La atroz matanza del joven negro, que andaba de vacaciones por el pueblo y fue acusado por una mujer blanca, Carolyn Bryant, de haber coqueteado con ella, conmocionó a la opinión pública. El supuesto flirteo bastó para que el hermano y el marido de la susceptible mujer asesinaran con especial crueldad a Emmett. Las crónicas cuentan que la madre del chico decidió que el ataúd permaneciera abierto en el momento del funeral, para que se conociera la brutalidad de los hechos. No hacía falta, pero ya se sabe que una imagen, etcétera. Percival Everett (Georgia, 1957) decidió darle una vuelta a los hechos desde una perspectiva insólita: mientras se disponía a jugar al tenis, llegó a sus oídos una versión de la canción tradicional “Ain’t No More Cane”, que el cantante de country machambró con otra llamada “I Will Rise Up” (Lyle Lovett and His Large Band, It’s Not Big, It’s Large, 2007) y Everett vio en aquellas palabras el germen de su novela: claro, “sólo Dios sabe lo que depara el futuro / pero yo me levantaré / aunque sea un difunto. Me dije adelante y amén / y me mantendré erguido hasta que encuentre mi final”. El resultado es asimismo una mezcolanza genérica, a medio camino entre la novela de detectives, el relato judicial, el pastiche cómico, la denuncia social y el absurdo envuelto en ropajes de superhéroe justiciero negro salido de dos metros bajo tierra, con el que ha conseguido quedar finalista del Booker Prize 2022. Lo mejor, la unánime aclamación crítica por la que esta comedia mordaz será recordada durante mucho tiempo, cercana en muchos aspectos a Trampa 22, de Joseph Heller, pero mucho más gamberra y divertida. En ambos casos, Mark Twain tiene la culpa; sus pastiches, su ironía, su inteligencia para librar batallas que alguien diría perdidas de antemano y que consiguen la victoria desde lo inesperado: el humor, o eso que se dice y que aquí se entiende a la perfección cuando alguien nos suelta un “tómatelo con filosofía”, por más que miles de linchamientos sean cosa seria. Humor en absoluto escapista, sino reactivo, guerrillero.
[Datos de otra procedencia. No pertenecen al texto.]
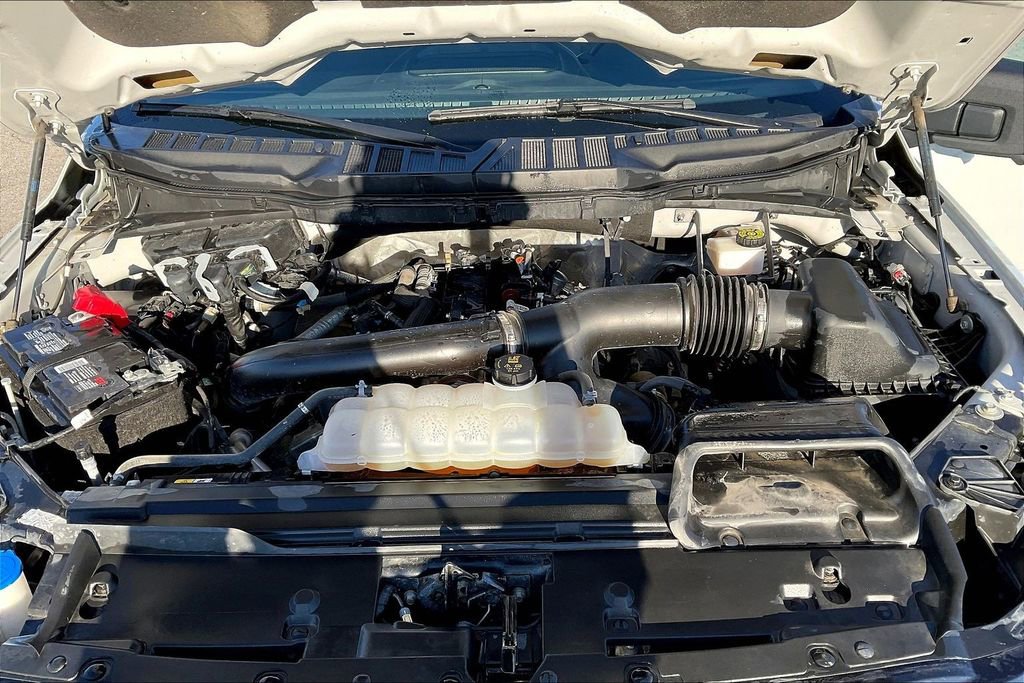 Used 2024 Ford F150 XLT w/ Tow/Haul Package image 9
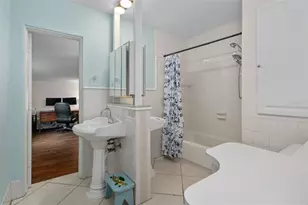 9812 51st Ave N, Saint Petersburg, FL 33708 - Photo 16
La cosa promete desde el momento en que empiezan a aparecer cadáveres de blancos asesinados con alambre de espino y simbólica mutilación genital. Junto a ellos otro cadáver, negro esta vez, con la cara deformada y los testículos del paleto blanco en la mano (sí, en Money todos los blancos son paletos). Lo que sigue es la búsqueda de ese personaje negro que desaparece de las morgues y reaparece tendido junto a cada uno de los blancos asesinados. Alguien se está tomando la justicia por su mano. Mientras, el racismo, el supremacismo, la conspiranoia y las injusticias campan por sus respetos. Sólo que aquí el respeto clama por su ausencia, o como dice el mismo Everett, “se debe hacer una distinción entre la moralidad y la justicia: es posible que la justicia no siempre nos parezca moral, y ese es un pensamiento aterrador”. Los árboles lo cuenta para que no se olvide.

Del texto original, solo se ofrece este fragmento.